I have a sequence of observed integers X_t between 1 and k, following a categorical distribution \Pi with category probabilities \lambda, and its values at each time is probabilistically determined by its lag-1 value, and a latent ‘innovation’ process U_t with the same marginal distribution (i.e., U_t \sim \Pi) as

X_t = \begin{cases} X_{t-1} &\quad \text{with probability } \alpha_1 \\ U_{t} &\quad \text{with probability } \beta_0 \\ U_{t-1} &\quad \text{with probability } \beta_1 \end{cases} \quad,

in which \alpha_1, \beta_0, \beta_1 form (let’s represent it with \psi) a unit 3-simplex (i.e., \alpha_1, \beta_0, \beta_1 >0 and \alpha_1 + \beta_0 + \beta_1 = 1).

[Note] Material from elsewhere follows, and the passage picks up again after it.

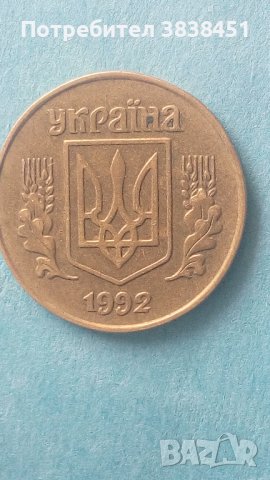 25 коп. 1992 года Украины, снимка 2 - Нумизматика и бонистика - 42740717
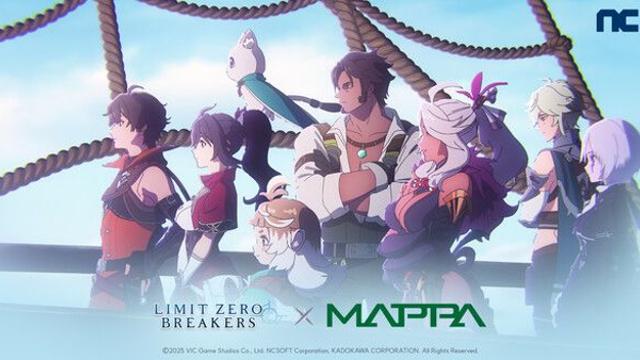 엔씨, 신작 ‘리밋 제로 브레이커스’ TGS 2025서 MAPPA 협업 영상 공개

What I want to estimate are the probabilities in \lambda and \psi, and not U_t.

Derivation

The Log-likelihood of this process (if I’m not mistaken) may be written as

\begin{align} \log\mathcal{L}(X_t = x) &= \log \Pr(X_t = x | \lambda, \psi; X_{t-1}, X_{t-2}, \dots; U_{t}, U_{t-1}, U_{t-2}, \dots) \\ &= \log \Pr(X_t = x | \lambda, \psi; X_{t-1}, U_{t}, U_{t-1}) \\ &= \sum_{t = 1}^N \log \Big[ \alpha_1 \Pr(X_{t-1} = x | \lambda) + \beta_0 \Pr(U_{t} = x | \lambda) + \beta_1 \Pr(U_{t-1} = x | \lambda) \Big] \\ &= \sum_{t = 1}^N log\_sum\_exp \Big[\log (\alpha_1) + \log \Pr(X_{t-1} = x | \lambda), \\ & \quad \quad \quad \quad \quad \quad \quad \quad \quad \log (\beta_0) + \log \Pr(U_{t} = x | \lambda), \\ & \quad \quad \quad \quad \quad \quad \quad \quad \quad \log(\beta_1) + \log\Pr(U_{t-1} = x | \lambda) \Big] \end{align}

Implementation

I have tried implementing it in Stan using the following code, which leads to the said error:

data {
  int<lower=1> N; // Number of observations
  int<lower=1> k; // Number of categories in X_t (and U_t)
  int<lower=1, upper=k> X_t[N]; // Observed data X_t
}

parameters {
  simplex[k] lambda; // Parameters of the multinomial (marginal) distribution of U_t
  simplex[3] psi; // Probabilities for selection process
}

model {
  // Priors (uninformative)
  lambda ~ dirichlet(rep_vector(2.0, k));
  psi ~ dirichlet(rep_vector(2.0, 3));

  // Latent innovations
  int U_t[N];
  U_t[1] ~ categorical(lambda); // innovation at t=1

  // likelihood
  for (t in 2:N) {
    U_t[t] ~ categorical(lambda);
    vector[N] contributions = rep_vector(0, 3);

    // calculating contribution of each term
    contributions[1] = log(psi[1]) +
                       categorical_lpmf(X_t[t-1] | lambda);
    contributions[2] = log(psi[2]) +
                       categorical_lpmf(U_t[t] | lambda);
    contributions[3] = log(psi[3]) +
                       categorical_lpmf(U_t[t-1] | lambda);

    // incrememting loglikelihood
    target += log_sum_exp(contributions);
  }
}

I compiled it with rstan::stan_model() and got the error message while sampling using rstan::sampling(), and get the following output at the end:

here are whatever error messages were returned
[[1]]
Stan model 'NDARMA(1,1)' does not contain samples.

[[2]]
Stan model 'NDARMA(1,1)' does not contain samples.

[[3]]
Stan model 'NDARMA(1,1)' does not contain samples.

[[4]]
Stan model 'NDARMA(1,1)' does not contain samples.

Warning messages:
1: In doTryCatch(return(expr), name, parentenv, handler) :
  display list redraw incomplete
2: In doTryCatch(return(expr), name, parentenv, handler) :
  invalid graphics state
3: In doTryCatch(return(expr), name, parentenv, handler) :
  invalid graphics state
4: In .local(object, ...) :
  some chains had errors; consider specifying chains = 1 to debug

I’m not a Bayes- or Stan-savvy and playing around with the code (and going through the manual, function reference, and user’s guide) hasn’t helped. All I could find is that and overflow and some initial parameters should be changed but I cannot put my finger on it.

I appreciate your time!

Kees_Mulder · September 15, 2024, 9:33pm

I think this has to do with the automatic selection of initial values. Could you try giving fixed initial values to the sampling to init in sampling?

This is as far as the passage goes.